Jika berdasarkan nama, menjadi tidak tepat dan tidak ada dasar hukumnya.
RS tidak bisa pasif karena sesuai Pasal 43 Ayat (4), Dewan Pengawas dibentuk dengan keputusan kepala daerah atas usulan pimpinan BLUD.
5. BLUD memiliki asset senilai Rp 30 M dan omset per Oktober 2012 sebesar Rp 21 M. BLUD ini memiliki juga Badan Pengawas sebanyak 4 orang yang terdiri dari Sekda, Inspektorat, Kepala DPPKAD dan Asisten 2. Saat ini ada Tokoh Masyarakat yang memaksa untuk menjadi anggota Dewan Pengawas.
Jawab:
BLUD tidak mengenai istilah Badan Pengawas, melainkan Dewan Pengawas yang dibentuk dengan keputusan kepala daerah atas usulan pimpinan BLUD. Unsur-unsur yang membentuk Dewan Pengawas diatur oleh Pasal 45 sebagaimana jawaban pada pertanyaan sebelumnya. Jadi Sekda, Inspektorat, Asisten 2 apalagi tokoh masyarakat tidak bisa menjadi Dewan Pengawas.

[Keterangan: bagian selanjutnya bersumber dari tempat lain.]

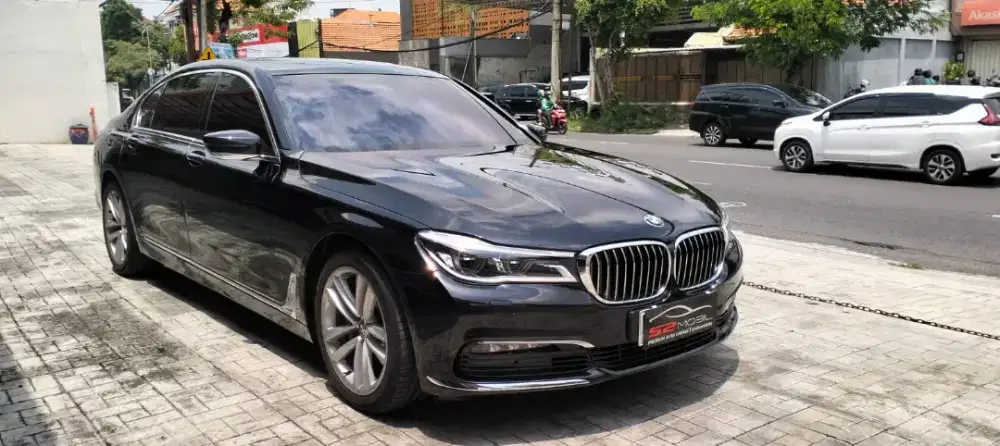 BMW 730Li 2019 FITUR LENGKAP SDH VACUM DOOR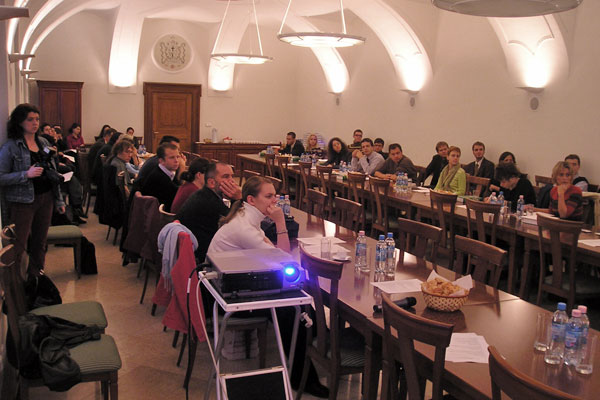 Fideszvalóság. Conference on 14 October 2005. Eager attention. Fideszvalóság. Conference on 14 October 2005. Eager attention.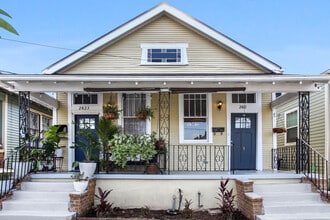 Building Photo - 2421 Valence St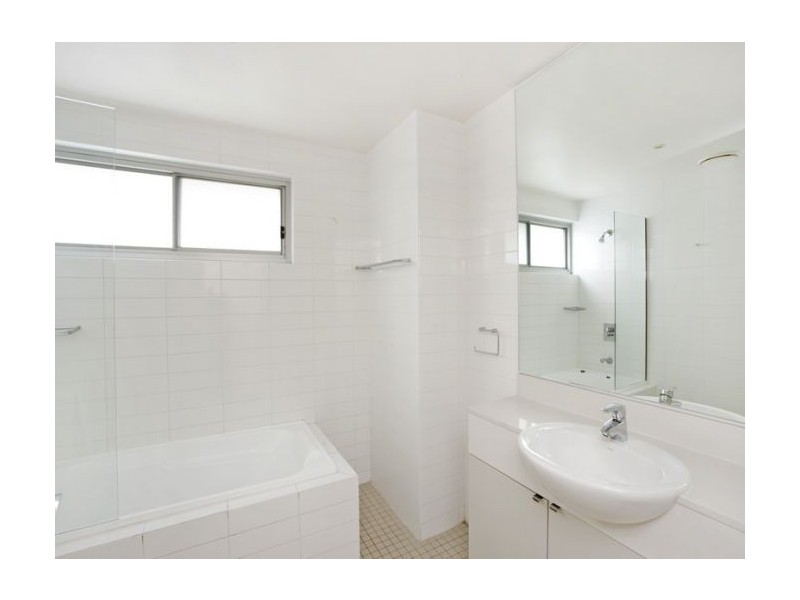 226/25 Bennelong Road, Wentworth Point NSW 2127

6. Honorarium Dewan Pengawas ditetapkan sebesar 40 : 36 : 15 (sesuai dengan Permendagri) yang langsung dikalikan dengan gaji pokok direktur, karena sistem remunerasi belum berjalan.
Jawab:
Pasal 52 Permendagri 61/2007:
Honorarium dewan pengawas ditetapkan sebagai berikut:
- honorarium ketua dewan pengawas paling banyak sebesar 40% (empat puluh persen) dari gaji pemimpin BLUD;
- honorarium anggota dewan pengawas paling banyak sebesar 36% (tiga puluh enam persen) dari gaji pemimpin BLUD; dan
- honorarium sekretaris dewan pengawas paling banyak sebesar 15% (lima belas persen) dari gaji pemimpin BLUD.

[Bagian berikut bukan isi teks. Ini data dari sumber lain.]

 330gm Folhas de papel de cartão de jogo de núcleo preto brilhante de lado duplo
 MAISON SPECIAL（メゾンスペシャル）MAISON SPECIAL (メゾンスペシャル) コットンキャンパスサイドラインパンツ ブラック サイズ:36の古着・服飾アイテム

Jadi apa yang diterapkan tersebut sudah benar, yaitu persentasi honor dikalikan dengan gaji, bukan remunerasi. Gaji merupakan bagian dari remunerasi.
Menurut Pasal 50 Ayat (2) Permendagri 61/2007, Remunerasi merupakan imbalan kerja yang dapat berupa gaji, tunjangan tetap, honorarium, insentif, bonus atas prestasi, pesangon, dan/atau pensiun.
7. Sebagai RS Tipe C dengan pendapatan sebesar Rp 26 M, RS ini belum memiliki Badan Pengawas. Bagaimana komposisi Badan Pengawas ini?
Jawab:
BLUD tidak mengenal istilah Badan Pengawas. Yang ada adalah Dewan Pengawas yang komposisinya terdiri dari unsur-unsur:
- pejabat SKPD yang berkaitan dengan kegiatan BLUD;
- pejabat di lingkungan satuan kerja pengelola keuangan daerah; dan
- tenaga ahli yang sesuai dengan kegiatan BLUD.
Permendagri 61/2007, Pasal 43, Ayat (3):
Syarat minimal sebagaimana dimaksud pada ayat (1), dan jumlah anggota dewan pengawas sebagaimana dimaksud pada ayat (2), mengikuti peraturan yang ditetapkan oleh Menteri Keuangan.
Peraturan Menteri Keuangan No 9/2006, Pasal 4:
Jumlah anggota Dewan Pengawas sebagaimana dimaksud pada ayat (1) ditetapkan sebanyak 3 (tiga) orang untuk BLU yang memiliki:
- realisasi nilai omzet tahunan menurut laporan realisasi anggaran sebesar Rp. 15.000.0000.000,00 (lima belas miliar rupiah) sampai dengan Rp. 30.000.000.000,00 (tiga puluh miliar rupiah), dan/atau
- nilai aset menurut neraca sebesar Rp. 75.000.000.000,00 (tujuhpuluh lima miliar rupiah) sampai dengan Rp. 200.000.000.000,00 (dua ratus miliar rupiah).
Jadi RS dengan pendapatan Rp 26M tidak perlu memiliki Dewan Pengawas.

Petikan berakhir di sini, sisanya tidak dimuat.